- Source information
==================================================

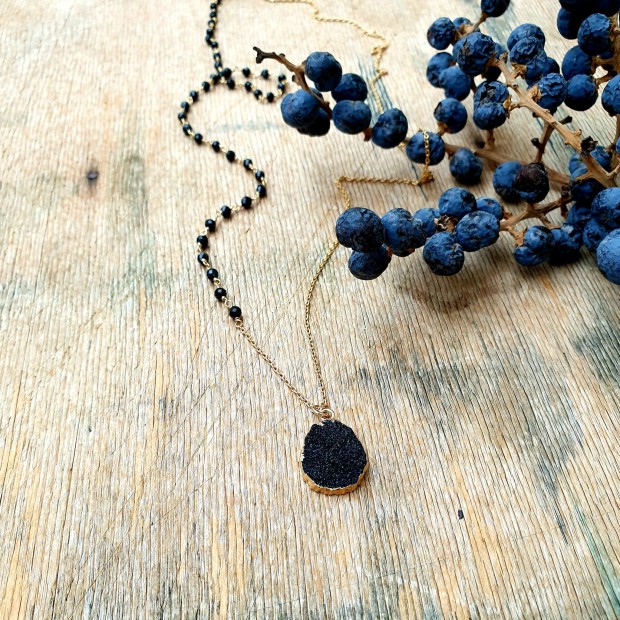 Hanka IN ilgas kaklo papuošalas su juoda špinele ir juoda drūza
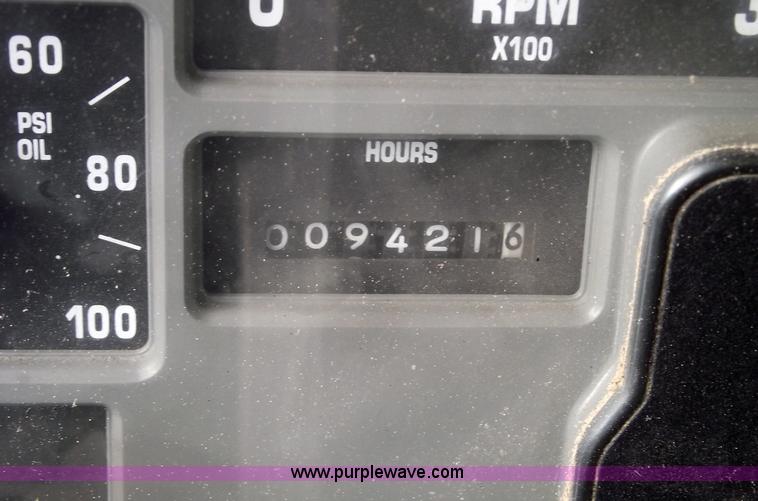 image for item 5534 1998 International 4900 dump truck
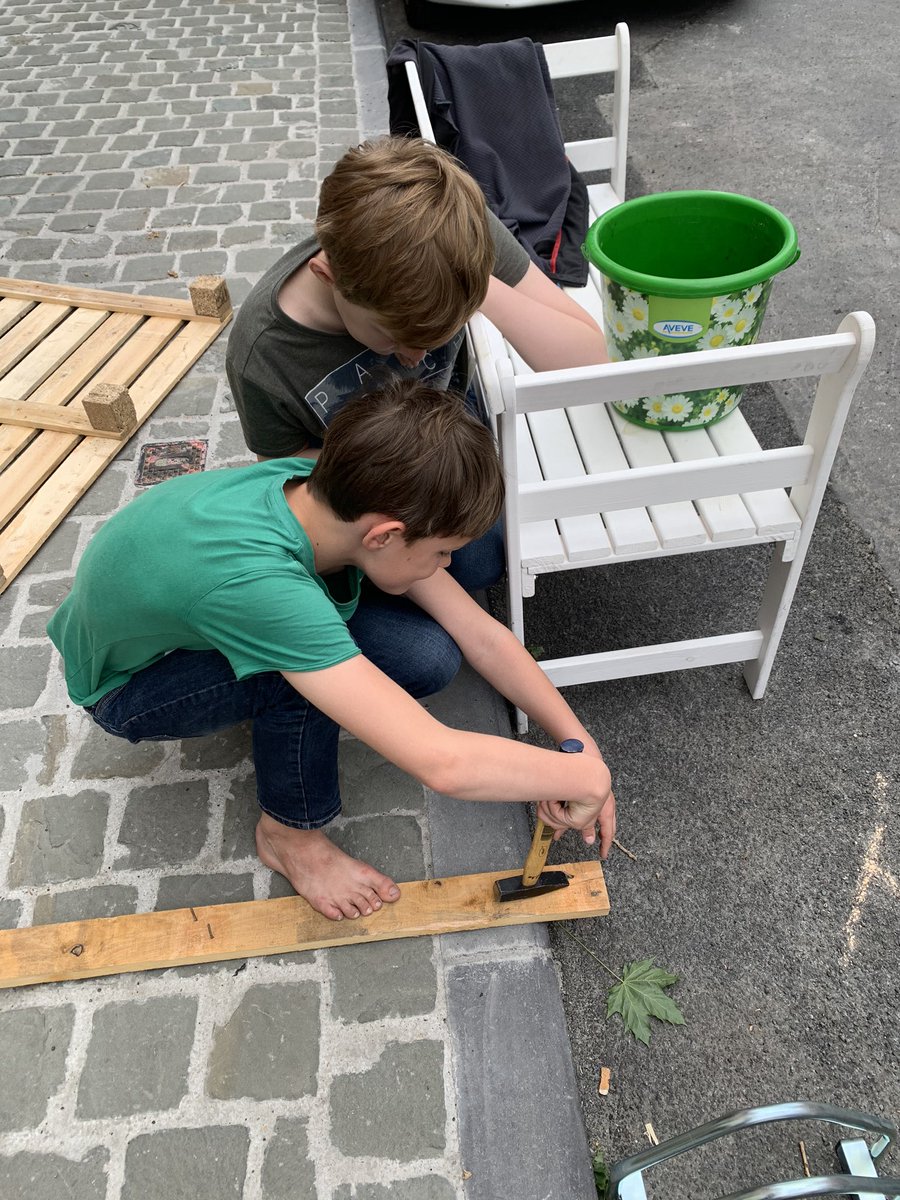 citizen_garden's tweet image. We make new friends when we build things together on the street for the community.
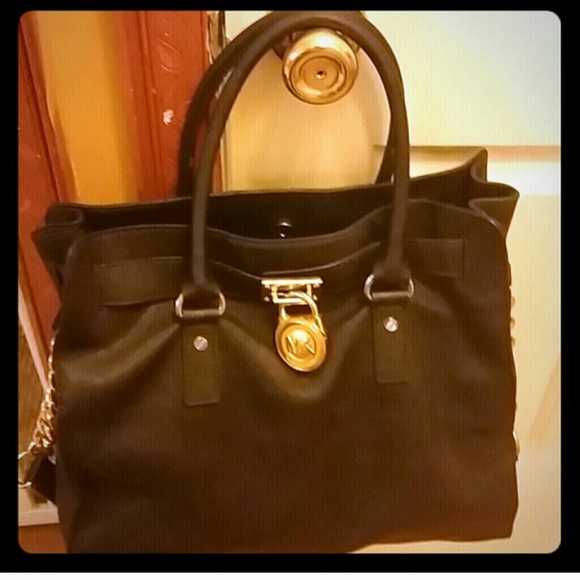 SOLD!!!! Michael Kors Authentic Navy Blue Hamilton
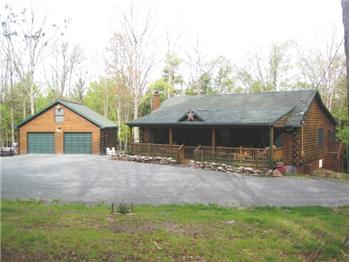  127 Waterview Dr Tink Wig, Hawley, PA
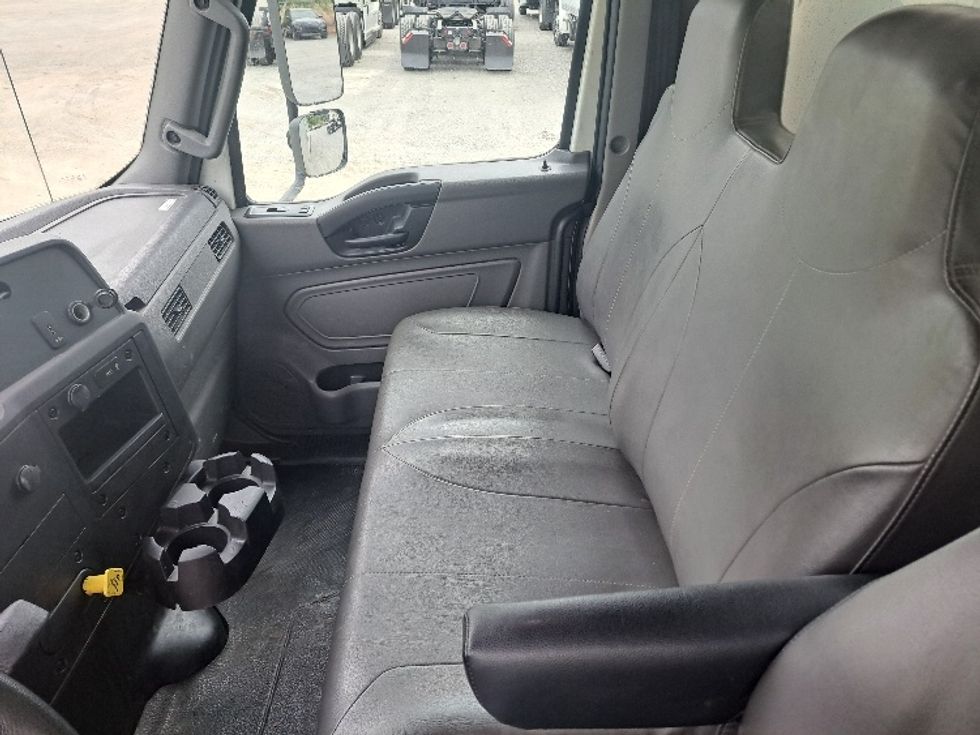 Medium Duty Box Truck-Light and Medium Duty Trucks-International-2020-MV607-Atlanta-GA-320,440\n\t\tmiles-$ 27,500 - Image 19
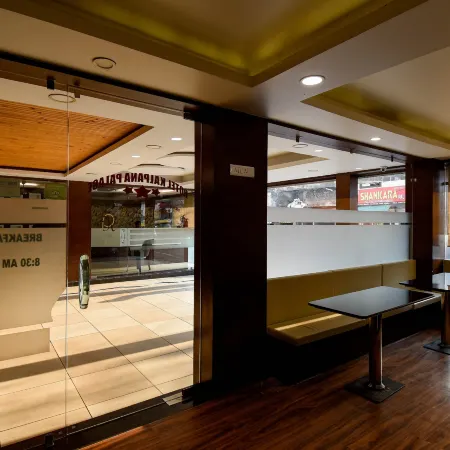 Hotel Kalpana Palace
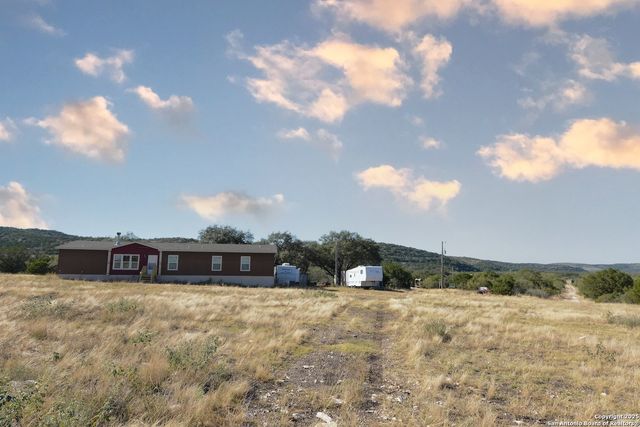 97 SD 45690, Rocksprings, TX 78880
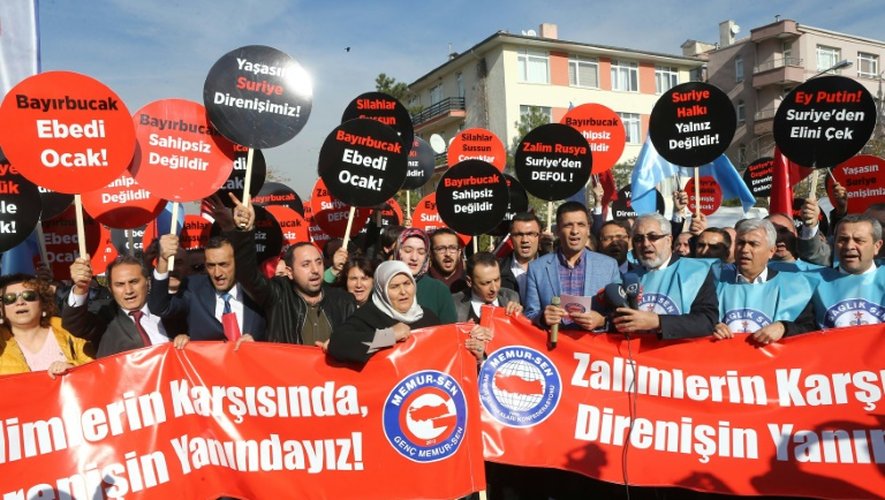 Des Turcs manifestent derrière une banderole disant "Nous sommes en résistance contre les agresseurs" devant l'ambassade russe à Ankara le 24 novembre 2015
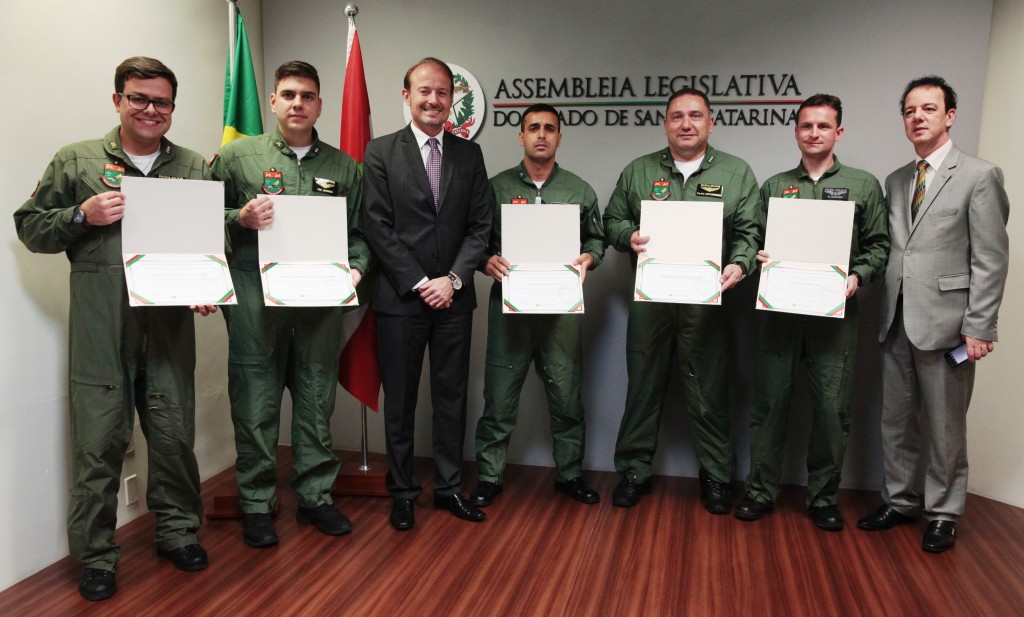 Quinta Companhia do Batalhão de aviação da PMSC recebe Moção de Aplauso na Alesc. Foto: Fábio Queiroz / Agência AL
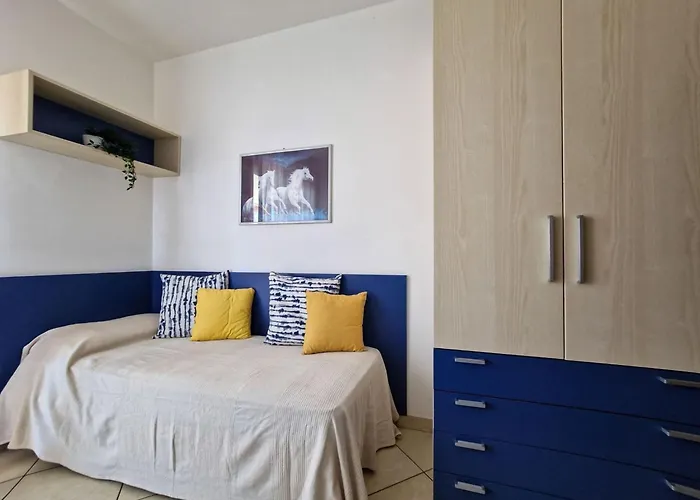 Modern Flat For 8 People With Swimming Pool Appartement Bibione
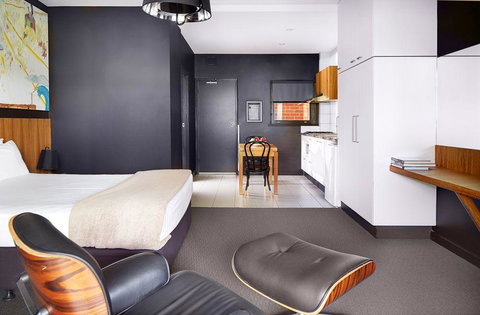 Riverview On Mount Street - Food Delivery Shop 34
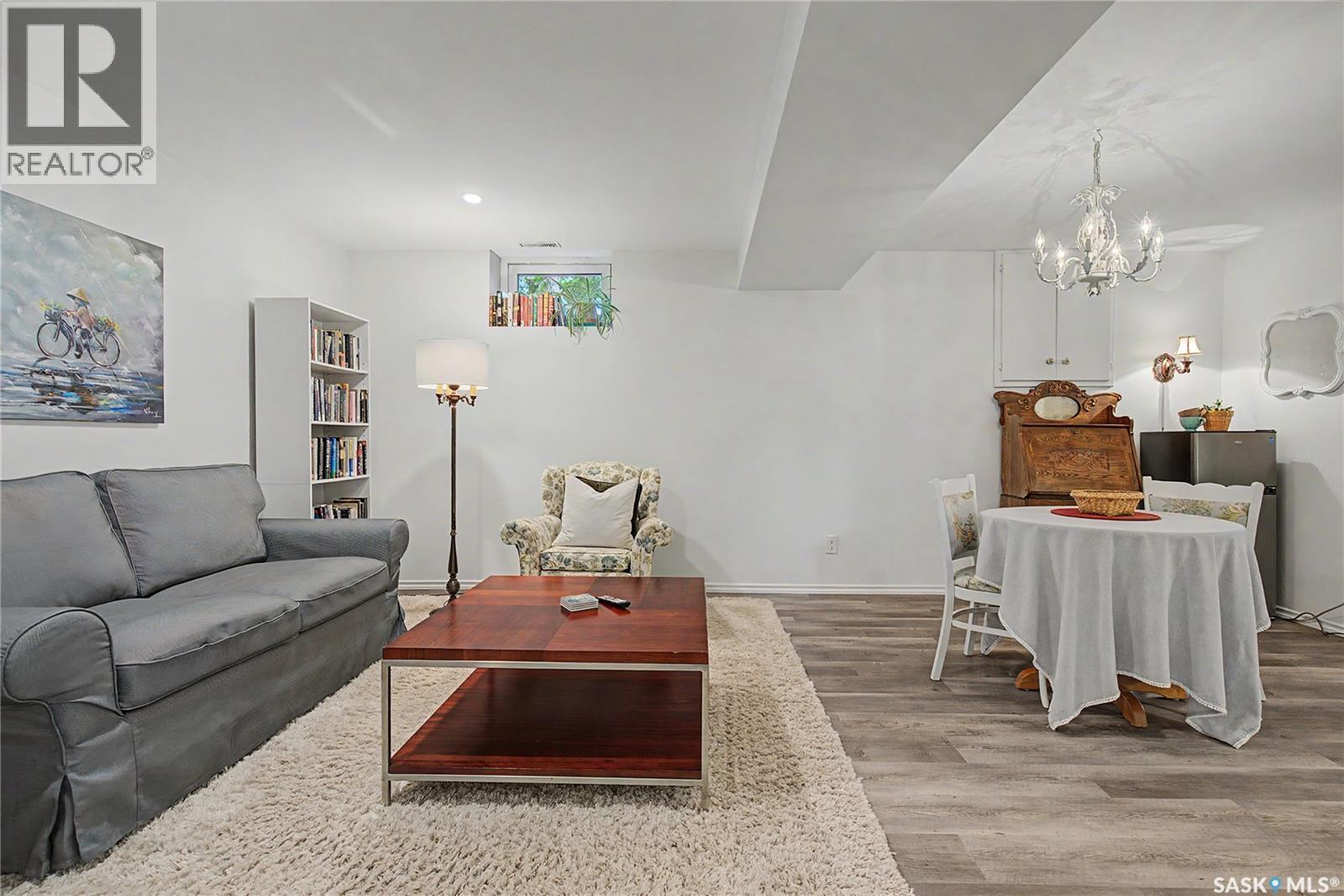 1150 2Nd Avenue Nw, Moose Jaw, SK - Indoor Photo Showing Living Room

==================================================

- Your assignment
The required output is the exact run of lines from the start of the records through the line containing "97 SD 45690, Rocksprings, TX 78880", both ends included, with no pictures.

- Task answer
 Hanka IN ilgas kaklo papuošalas su juoda špinele ir juoda drūza
 image for item 5534 1998 International 4900 dump truck
 citizen_garden's tweet image. We make new friends when we build things together on the street for the community.
 SOLD!!!! Michael Kors Authentic Navy Blue Hamilton
  127 Waterview Dr Tink Wig, Hawley, PA
 Medium Duty Box Truck-Light and Medium Duty Trucks-International-2020-MV607-Atlanta-GA-320,440\n\t\tmiles-$ 27,500 - Image 19
 Hotel Kalpana Palace
 97 SD 45690, Rocksprings, TX 78880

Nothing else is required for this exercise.